2. An integrated valve unit as defined in claim 1, wherein each
mounting seat is further provided with additional tapped holes; and
wherein said stop valve assembly has cooperating tapped holes
corresponding to said additional tapped holes of said valve
assembly mounting seat, and a stop valve disposed in said supply
port, said nonreturn valve assembly being disposed in said
discharge port.
3. An integrated valve assembly as defined in claim 1, wherein each
mounting seat is further provided with additional tapped holes; and
said valve assemblies include a joint valve assembly which has
cooperating tapped holes corresponding to said additional tapped
holes, and a joint port intercommunicated with one of said supply,
discharge and intake ports.
4. An integrated valve unit as defined in claim 1, wherein said
valve assemblies include a valve assembly having a pair of valve
assembly discharge ports and a passage intercommunicating the
same.
5. An integrated valve unit as defined in claim 1; and further
comprising mounting means in form of registering tapped holes
provided in said subplate at the respective valve seats thereof, in
said valve plate, and in said solenoid valve.
Description
BACKGROUND OF THE INVENTION
The present invention relates to an integrated multiple valve unit
in which a plurality of stacks each comprising a plurality of valve
assemblies, which effect various functions, and a solenoid valve
are mounted on a common subplate. The integrated multiple valve
unit in accordance with the present invention serves as a module of
hydraulic circuit components, and functions also as a pump
unit.
When a plurality of valves are separately and randomly disposed and
interconnected via each other with pipes or tubes in a hydraulic
circuit, such as a pump unit which is used for example as a high
hydraulic pressure source, the circuit becomes large in size
because of the large space required for receiving the pipes, and
the interconnections among the valves with the pipes become very
complex. As a result, the working liquid tends to leak and the
maintenance and repair of the hydraulic circuit components become
very difficult. To overcome these defects, there has been proposed
and demonstrated the so-called maniplate system in which the
hydraulic circuit components such as valves are mounted on a common
mounting plate in which are formed required passages for
interconnecting the circuit components. There has been also
proposed the so-called manifold plate system wherein the hydraulic
circuit components such as valves are mounted upon mounting plates
in which are formed the required passages for interconnecting the
circuit components, and the circuit components with the mounting
plates are stacked. Both the above described systems have succeeded
in simplifying the interconnections between the circuit components,
thus overcoming the above described defects to some extent.

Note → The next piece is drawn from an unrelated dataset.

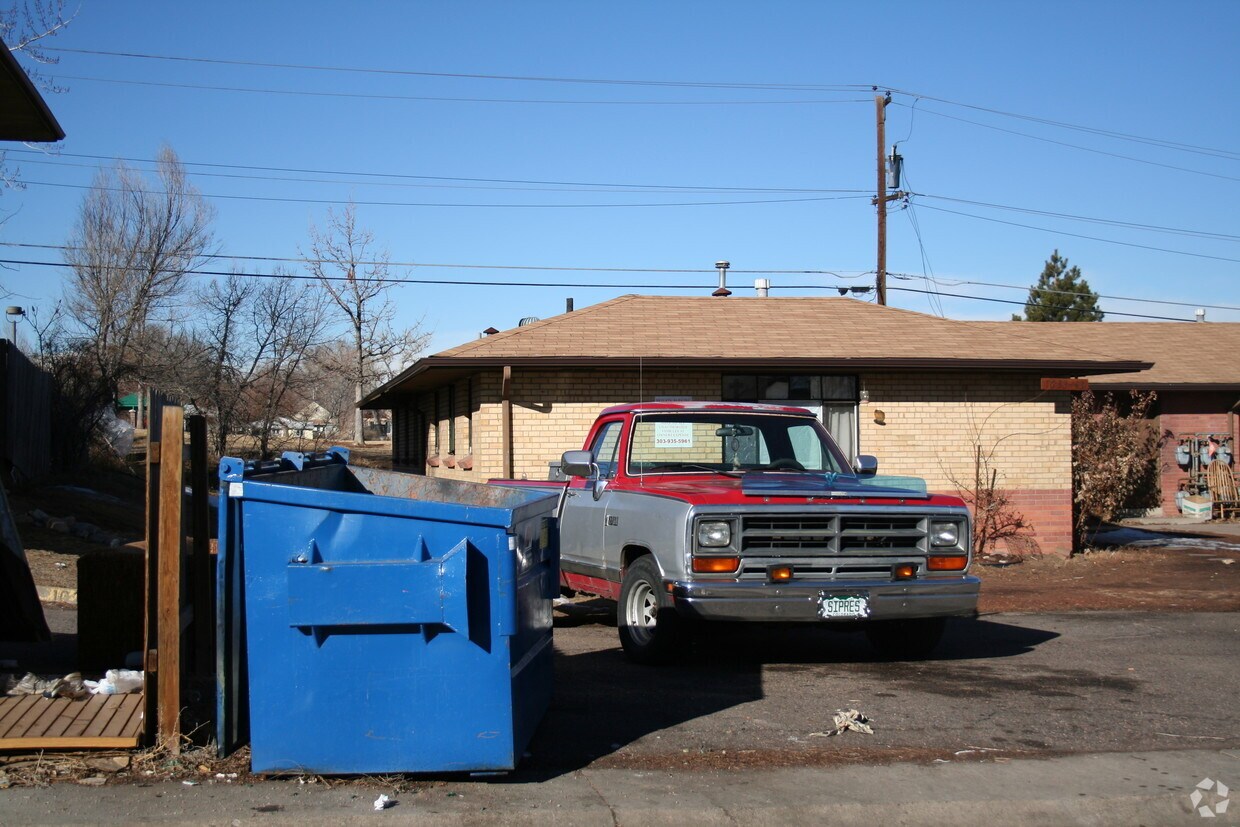Primary Photo - 1633 Fenton St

However, these systems have a common defect in that various kinds
of plates and blocks must be provided for various kinds of
hydraulic circuits which are required. In other words, these prior
art systems do not provide modules of hydraulic circuit components
which may be used in any hydraulic circuit.

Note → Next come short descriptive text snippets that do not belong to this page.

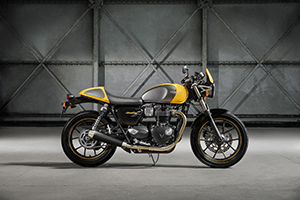 FIRST LOOK : NEW 2017 TRIUMPH STREET CUP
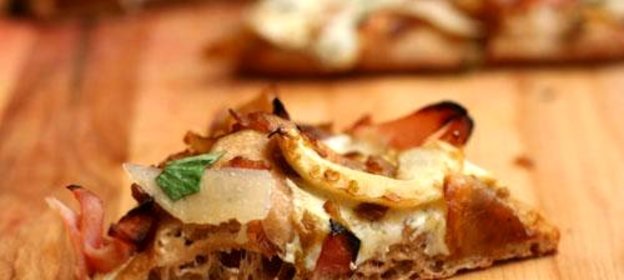 Пицца с карамелизованным луком и фенхелем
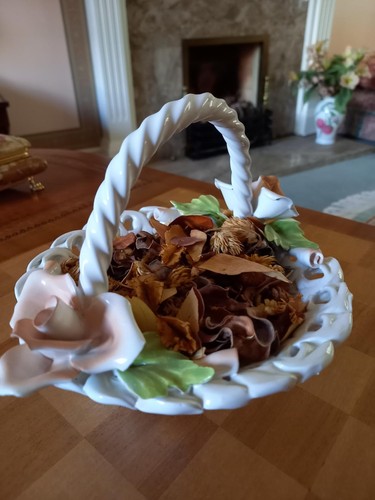 This vintage capodimonte - this,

In the attempt to provide standardized modules for hydraulic
circuits, there has been proposed a built-up system utilizing the
standard solenoid valves in which all of the ports are located at
the specified positions. More particularly, a valve plate is
provided with ports formed at the positions corresponding to the
corresponding ports of the standard solenoid valve, and a valve or
valves, which accomplish the desired functions, are disposed in
some of the ports or the passage communicated therewith in the
valve seat. Thus, standardized valve assemblies are provided, and
are stacked on a subplate together with a solenoid valve.

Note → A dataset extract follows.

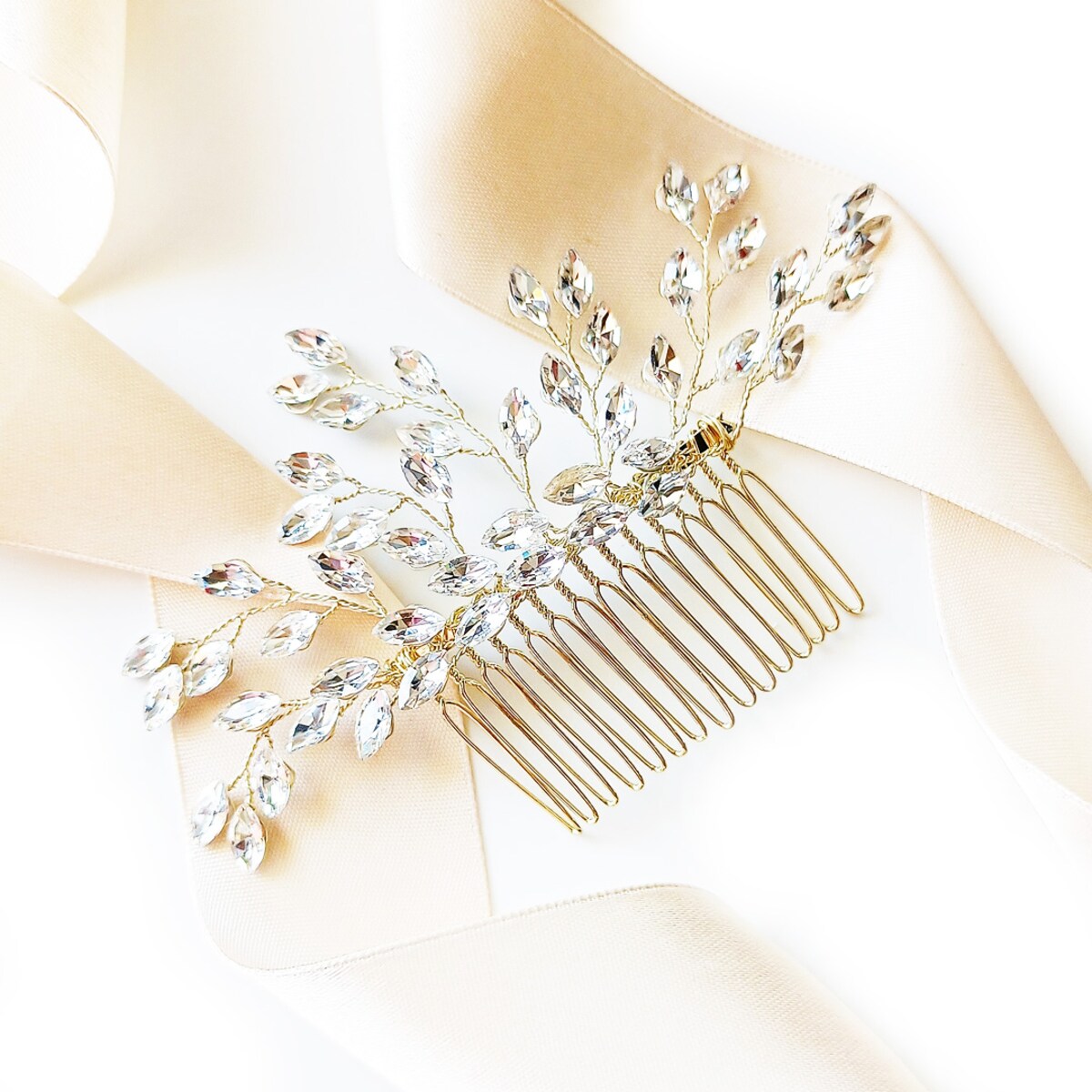 Grzebień złoty do fryzury ślubnej z cyrkoniami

Therefore, various circuit modules may be provided. However, the
spacing between the ports of the standardized solenoid valve is
extremely small so that the interconnections between the hydraulic
circuit components stacked upon the subplate and the connections
with the pump, reservoir, actuators and the like, become difficult
as the pipes obstruct each other. To overcome this problem, some
passages for connections are formed in each subplate. When it is
desired to collect the intake ports, for example, in the pump unit
in one place, the pipes extending from the intake ports of each
subplate must be bent in complex forms with or without
joint-fittings, so that skilled labor and much time are required.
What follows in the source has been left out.